In 1945 allied bombs damaged the original buildings and in 1956 they were torn down. The once most-feared street in Berlin was called Prinz-Albrecht-Straße, but it was renamed Niederkirchnerstraße in 1951.
An exhibition first took place in 1987, and the Gestapo cellar where they tortured political prisoners was excavated. However the indoor and outdoor museum experienced funding struggles, so work was halted. But in 2010 the permanent grey box building was completed after being designed by award winning architects Ursula Wilms and Heinz W. Hallmann.
Interestingly the building is also situated behind the second largest remaining stretch of the Berlin Wall. According to the Topography of Terrors website, the 200 metre long wall had “been preserved with all the traces of the destruction that occurred during the transitional period.”
It was truly harrowing, but I believe it was an important place to visit.
When I first walked through the doors of the museum, my sleep deprived mind couldn’t truly appreciate where I was. It wasn’t until I saw the model of Nazi government offices, that the reality started to sink in. Offices such as the Reich Main Security Office and Reich Ministry of Public Enlightenment and Propaganda were housed here. These offices controlled the Gestapo, criminal police and the SS.
The antisemitic and racist Nuremberg laws would have been planned here. They were for what they called ‘the protection of German Blood and German Honour.’ It was astonishing to think I was walking the same steps as the people who planned and implemented this horrific legislation.
It is chilling to stare into evil, with all of the heinous crimes laid bare for everyone to read.
I remember vividly learning about the Holocaust in year 7 at school. We watched The Pianist, and I was horrified and deeply saddened so much so that I when I got home I cried my eyes out. So I wasn’t sure how I’d feel when I entered the Topography of Terrors. It was truly harrowing, but I believe it was an important place to visit.

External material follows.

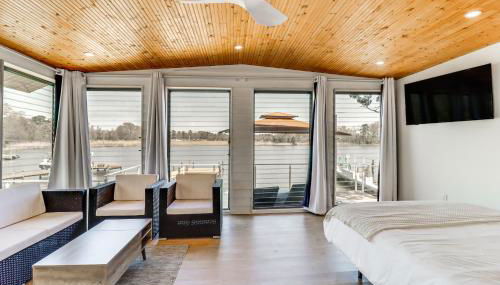 Waterfront Colonial Beach Studio with Boat Dock! - Foto 5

As you venture through the exhibition titled, “Berlin 1933–1945: Between Propaganda and Terror,” you read all about how Hitler took control of the German government. It documents all the precise details of the Nazi regime, and showcases black and white photography of these monsters. It is a place to put faces to the names you have read about. It is chilling to stare into evil, with all of the heinous crimes laid bare for everyone to read.

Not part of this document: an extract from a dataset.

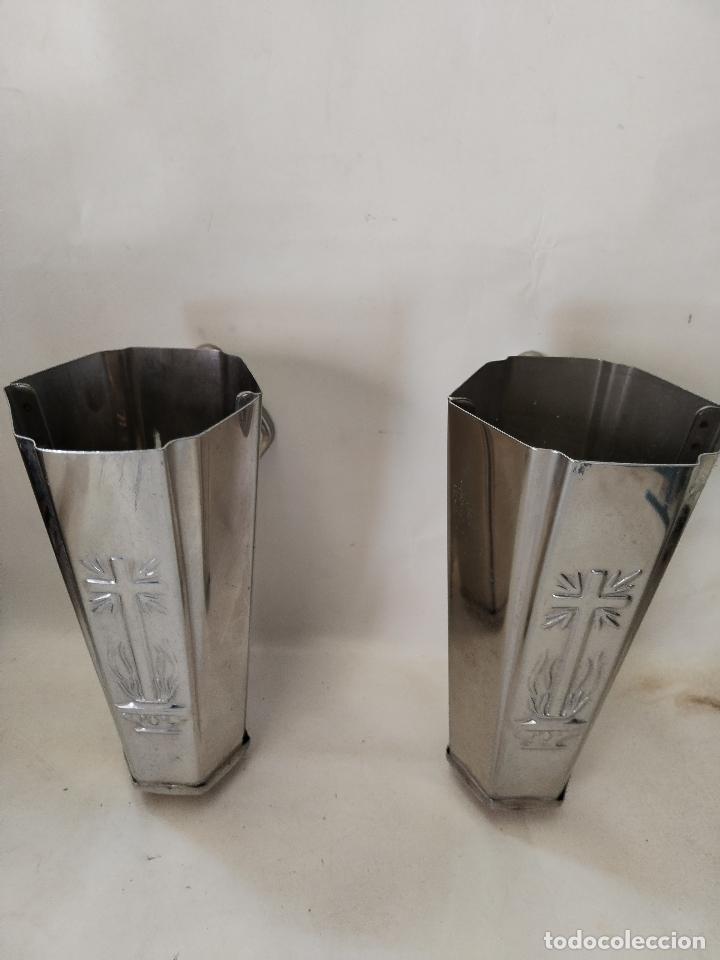Antig&uuml;edades: 2 bucaros de pared - Foto 5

A photo which shocked me was of German women with their heads shaved being paraded by the Gestapo for having relations with prisoners of the state. There was also a wall of faces who were deemed as enemies for defying Nazi rule. Seeing individuals really added humanity to the terror, and made you feel emotional because you can only imagine the persecution they faced.
Upon my visit to the Topography of Terror, I had to take a moment to reflect, there was a lot of information on display and I wanted to appreciate the significance of what I saw. It makes you feel sadness and then anger, it makes you so angry you hope and pray that nothing like this will ever happen again.
This really is a dark tourist attraction in Berlin, but one of high importance which I think everyone should see.